▶ _PROBLEM STATEMENT_
Would you please repeat exactly the entries below, starting at the line with "Prunus cerasifera \" and ending at the line with "Chaussettes en coton Homme Ecureuil noir 2", and nothing outside that range? Leave out the pictures.

▶ _SOURCE DATA_
____________________
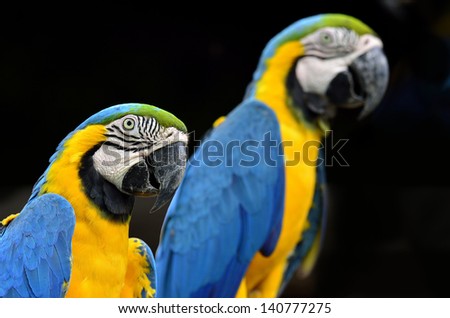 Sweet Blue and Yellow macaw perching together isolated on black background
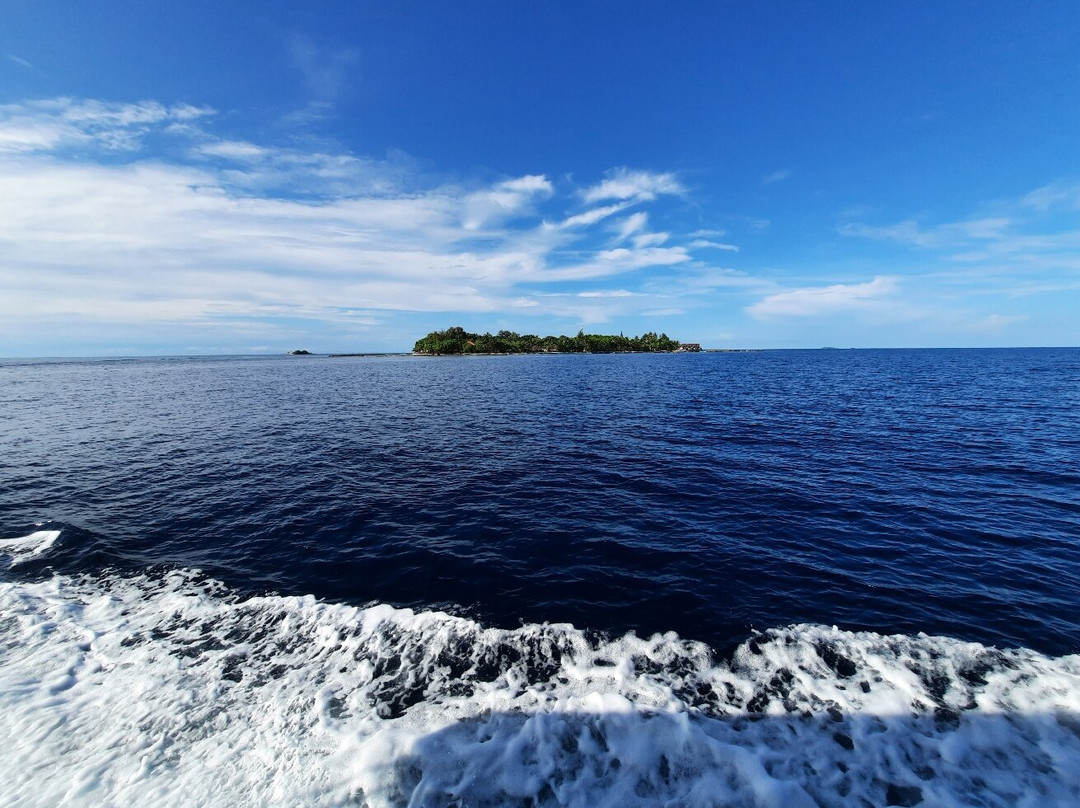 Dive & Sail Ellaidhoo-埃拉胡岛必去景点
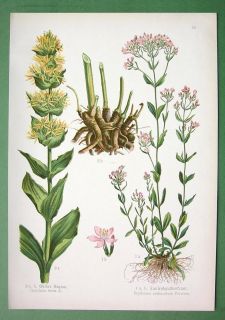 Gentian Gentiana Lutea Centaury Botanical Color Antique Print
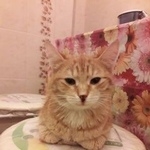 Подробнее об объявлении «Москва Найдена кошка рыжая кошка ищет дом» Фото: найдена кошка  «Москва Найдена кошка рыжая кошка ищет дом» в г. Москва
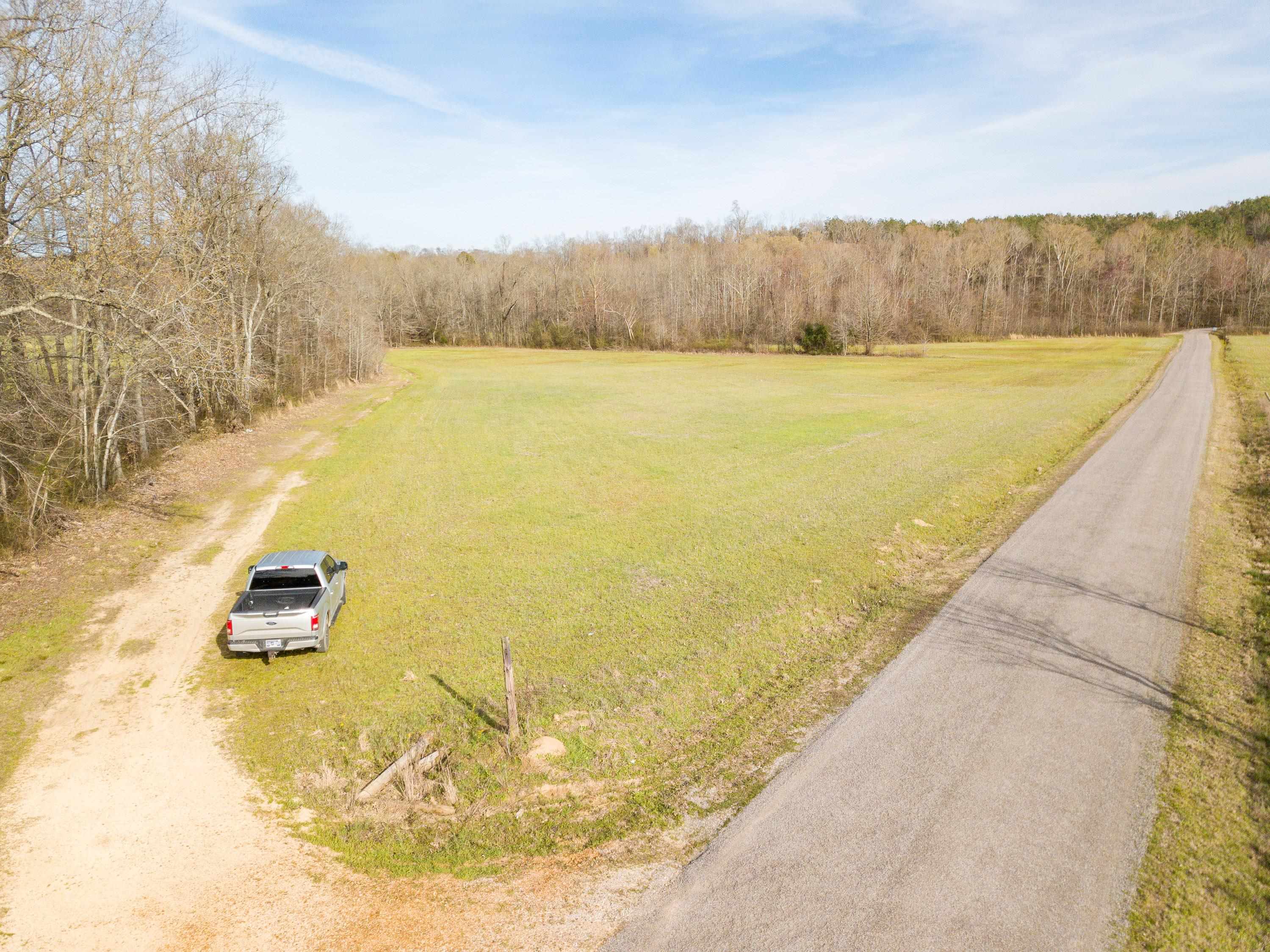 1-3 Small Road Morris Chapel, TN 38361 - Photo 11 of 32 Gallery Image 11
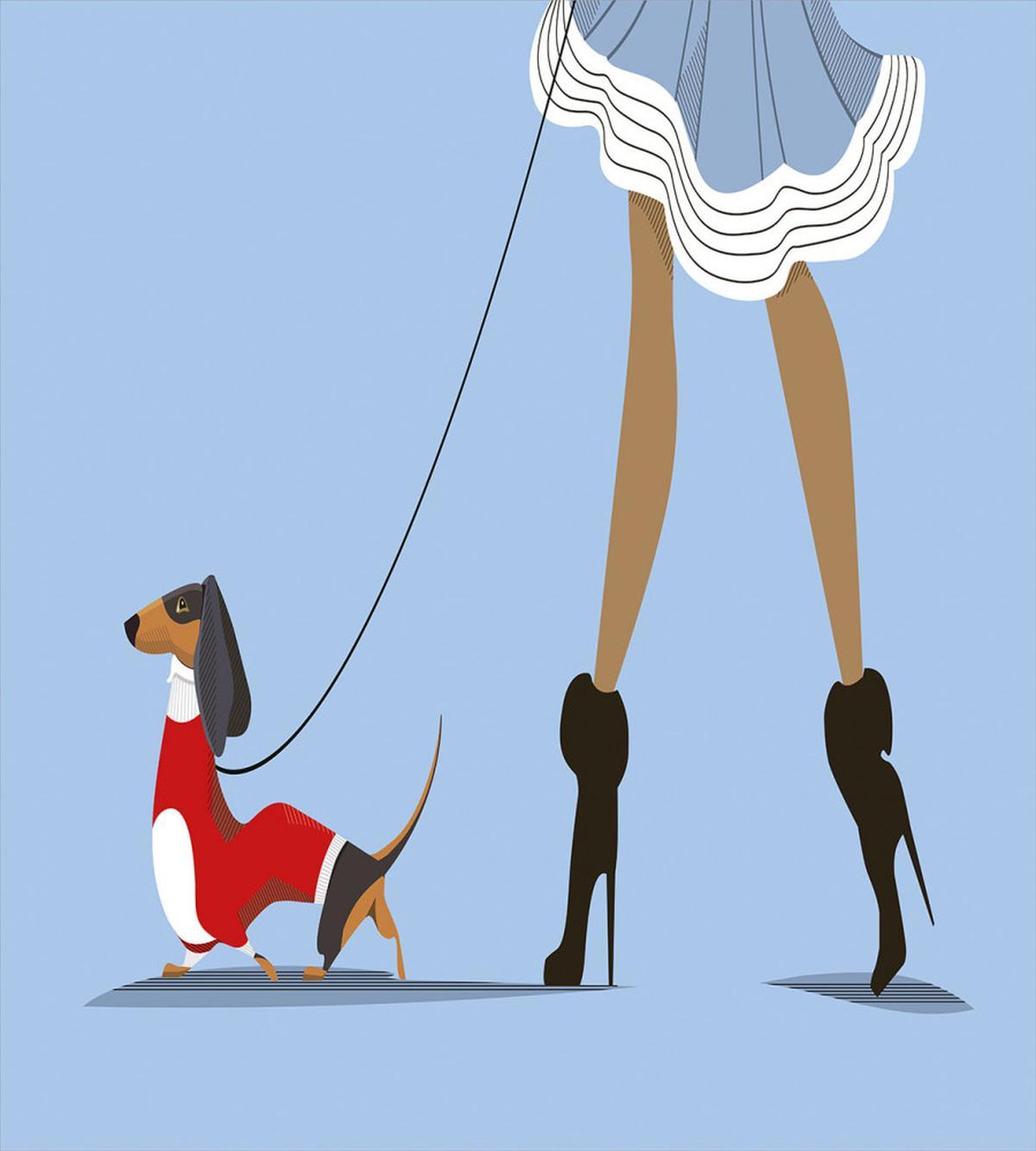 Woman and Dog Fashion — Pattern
____________________
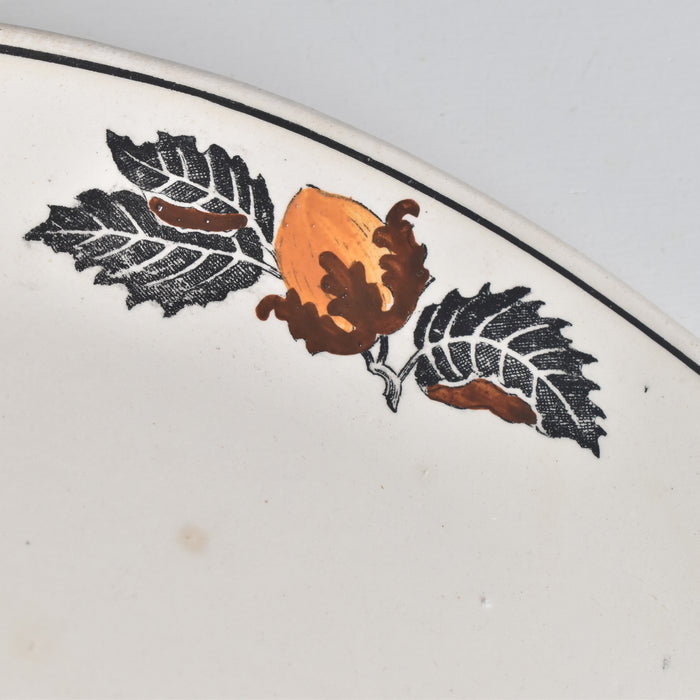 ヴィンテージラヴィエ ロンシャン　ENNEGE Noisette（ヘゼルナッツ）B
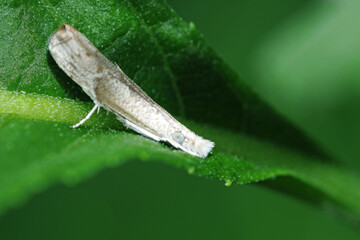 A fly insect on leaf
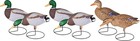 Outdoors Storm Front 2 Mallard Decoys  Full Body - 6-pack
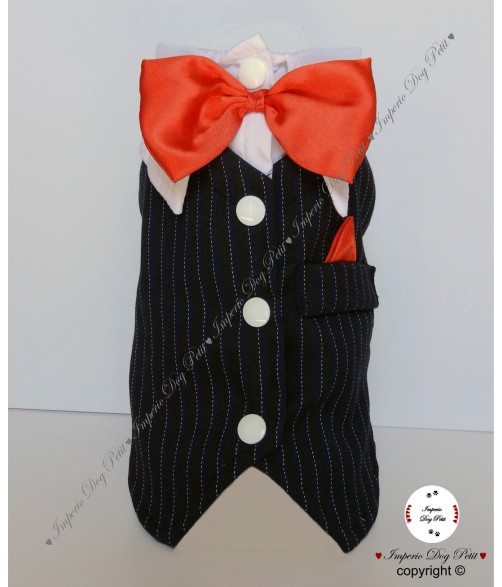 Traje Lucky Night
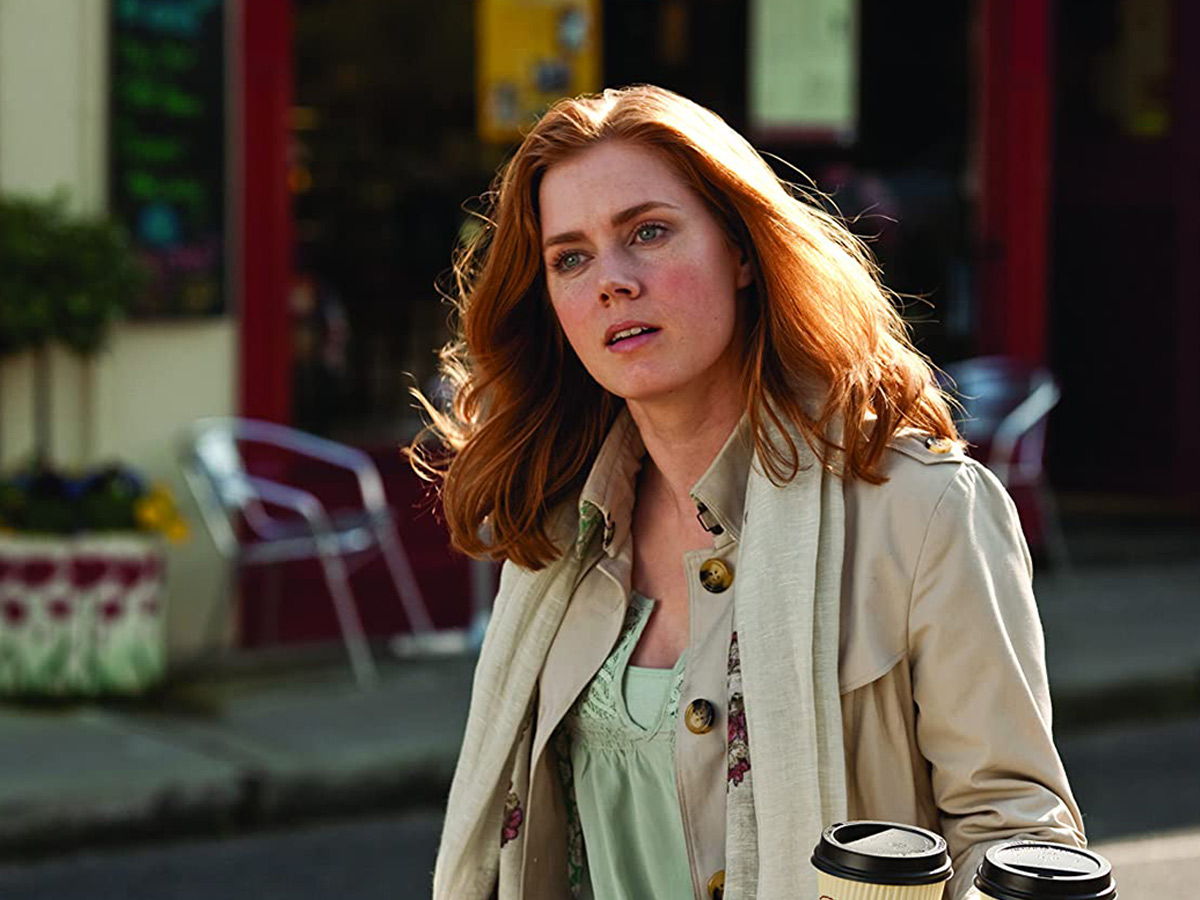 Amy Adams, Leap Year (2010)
____________________
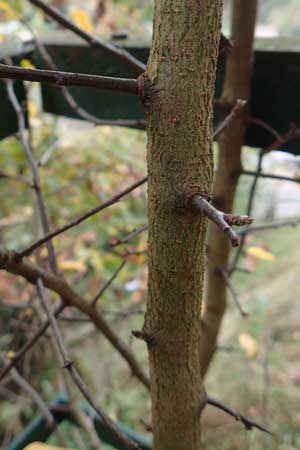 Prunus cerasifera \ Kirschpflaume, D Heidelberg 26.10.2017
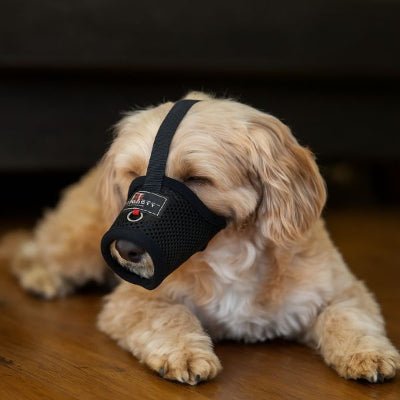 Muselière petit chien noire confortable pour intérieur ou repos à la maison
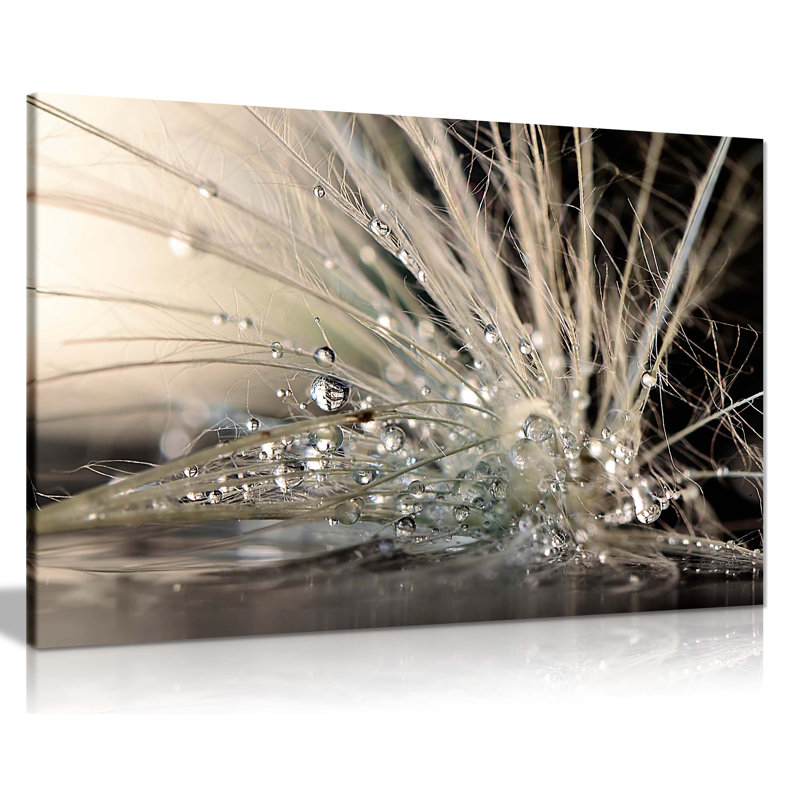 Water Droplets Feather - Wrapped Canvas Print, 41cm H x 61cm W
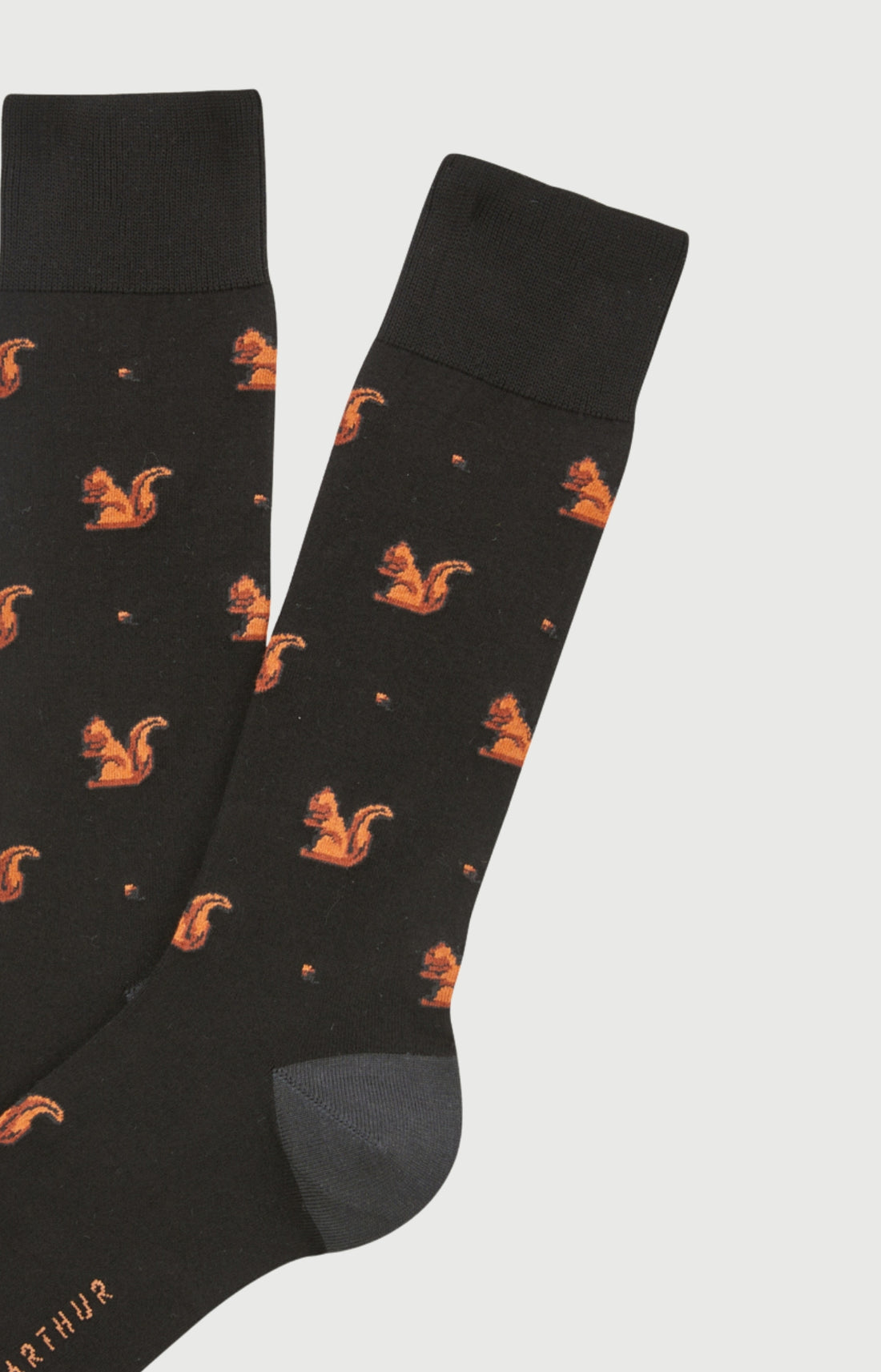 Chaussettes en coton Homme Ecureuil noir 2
____________________
▶ _WRITTEN ANSWER_
 Prunus cerasifera \ Kirschpflaume, D Heidelberg 26.10.2017
 Muselière petit chien noire confortable pour intérieur ou repos à la maison
 Water Droplets Feather - Wrapped Canvas Print, 41cm H x 61cm W
 Chaussettes en coton Homme Ecureuil noir 2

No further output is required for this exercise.